AVAILABLE DATA:
* * *

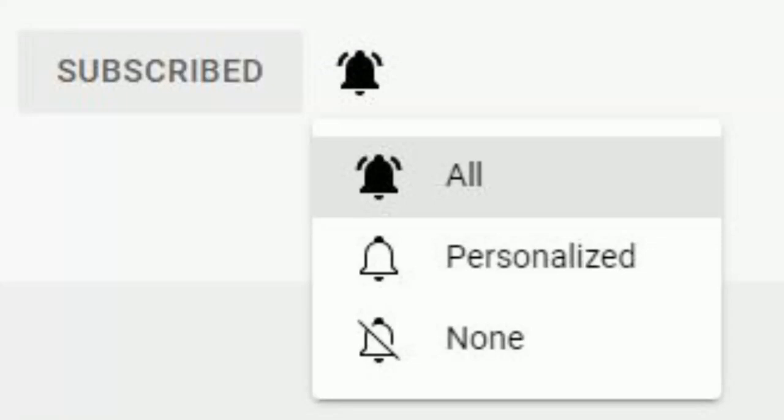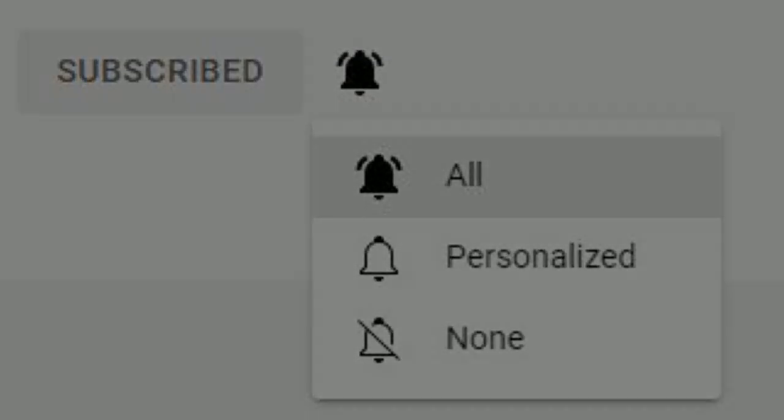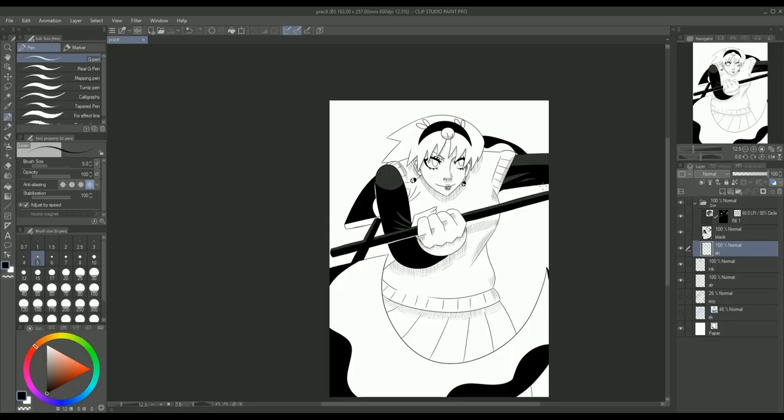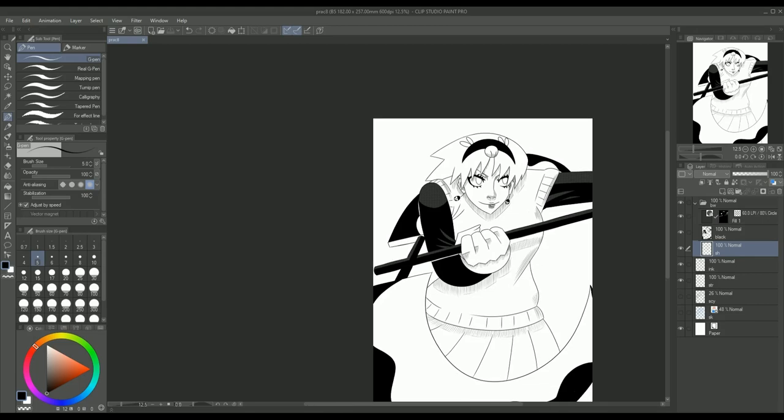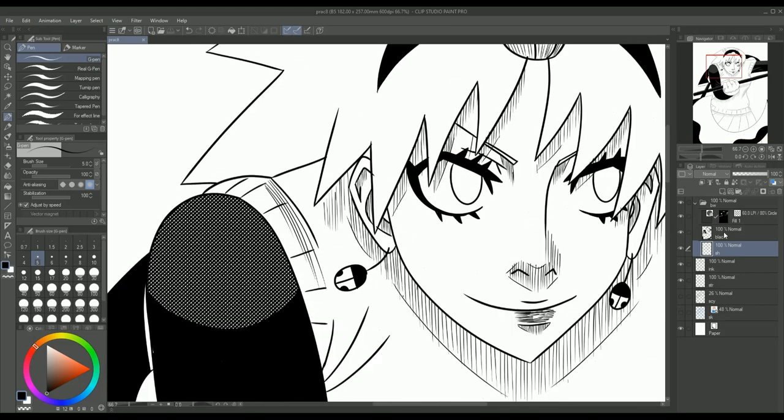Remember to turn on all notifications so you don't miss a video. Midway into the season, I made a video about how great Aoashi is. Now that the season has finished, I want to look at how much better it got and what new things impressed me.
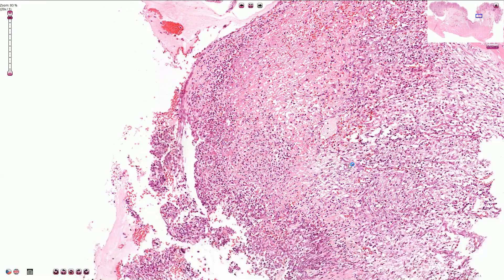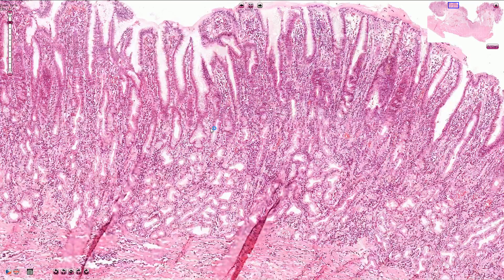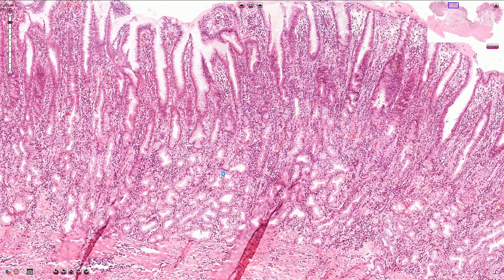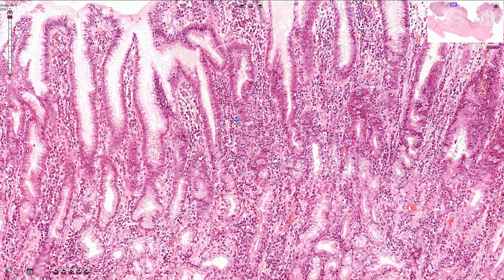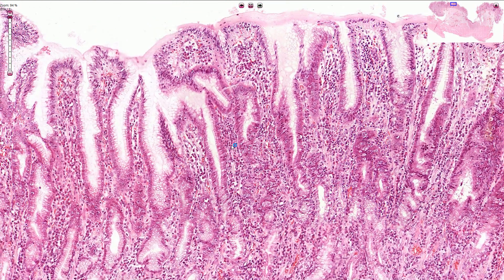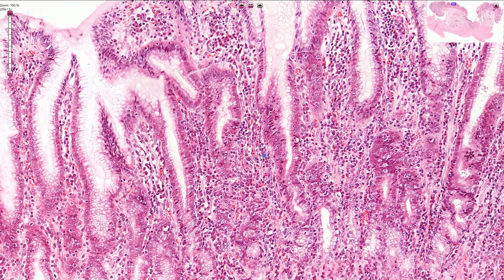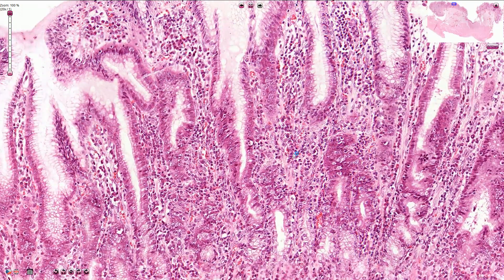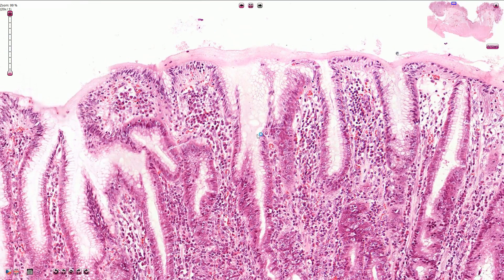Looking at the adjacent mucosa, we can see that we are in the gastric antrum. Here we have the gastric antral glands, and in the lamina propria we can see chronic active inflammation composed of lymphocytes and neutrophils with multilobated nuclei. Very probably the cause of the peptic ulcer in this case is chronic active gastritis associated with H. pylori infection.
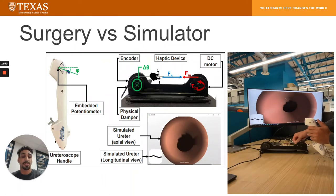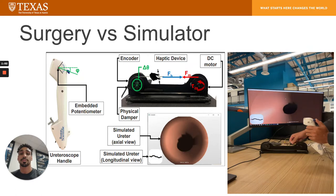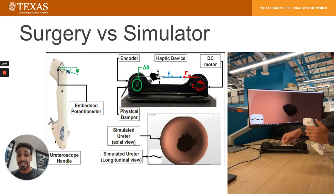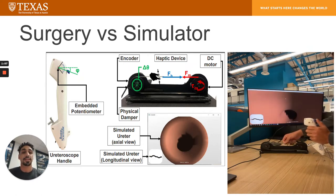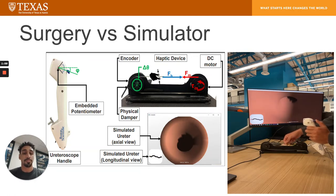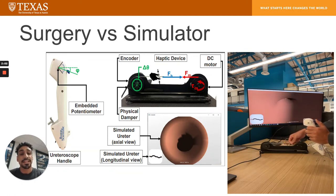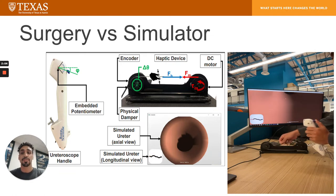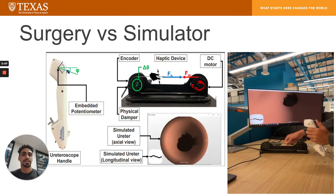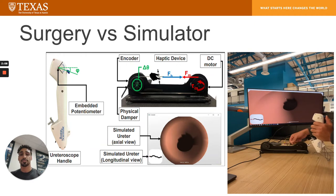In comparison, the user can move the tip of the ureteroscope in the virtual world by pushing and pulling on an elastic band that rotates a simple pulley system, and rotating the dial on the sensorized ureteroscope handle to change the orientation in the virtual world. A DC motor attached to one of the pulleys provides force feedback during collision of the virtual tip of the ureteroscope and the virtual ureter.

* * *

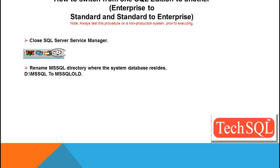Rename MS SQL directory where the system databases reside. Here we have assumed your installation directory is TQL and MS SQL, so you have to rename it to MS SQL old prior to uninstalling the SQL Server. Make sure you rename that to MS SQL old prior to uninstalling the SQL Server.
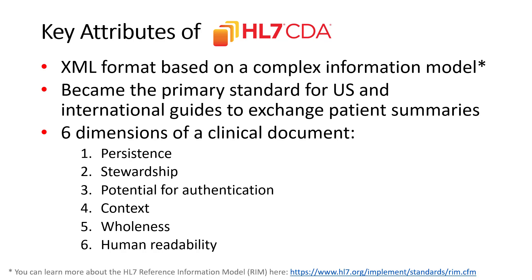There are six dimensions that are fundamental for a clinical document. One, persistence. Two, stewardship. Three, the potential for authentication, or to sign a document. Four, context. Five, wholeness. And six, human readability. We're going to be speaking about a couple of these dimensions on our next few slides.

* * *

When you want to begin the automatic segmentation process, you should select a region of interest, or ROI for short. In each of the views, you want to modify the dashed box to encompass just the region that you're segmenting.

* * *

WORK INSTRUCTION: Text only, no pictures: please print exactly the lines above from the line with "Rename MS SQL" up to and including the line with "There are six", and nothing else.

ANSWER FOR THE TASK:
Rename MS SQL directory where the system databases reside. Here we have assumed your installation directory is TQL and MS SQL, so you have to rename it to MS SQL old prior to uninstalling the SQL Server. Make sure you rename that to MS SQL old prior to uninstalling the SQL Server.
There are six dimensions that are fundamental for a clinical document. One, persistence. Two, stewardship. Three, the potential for authentication, or to sign a document. Four, context. Five, wholeness. And six, human readability. We're going to be speaking about a couple of these dimensions on our next few slides.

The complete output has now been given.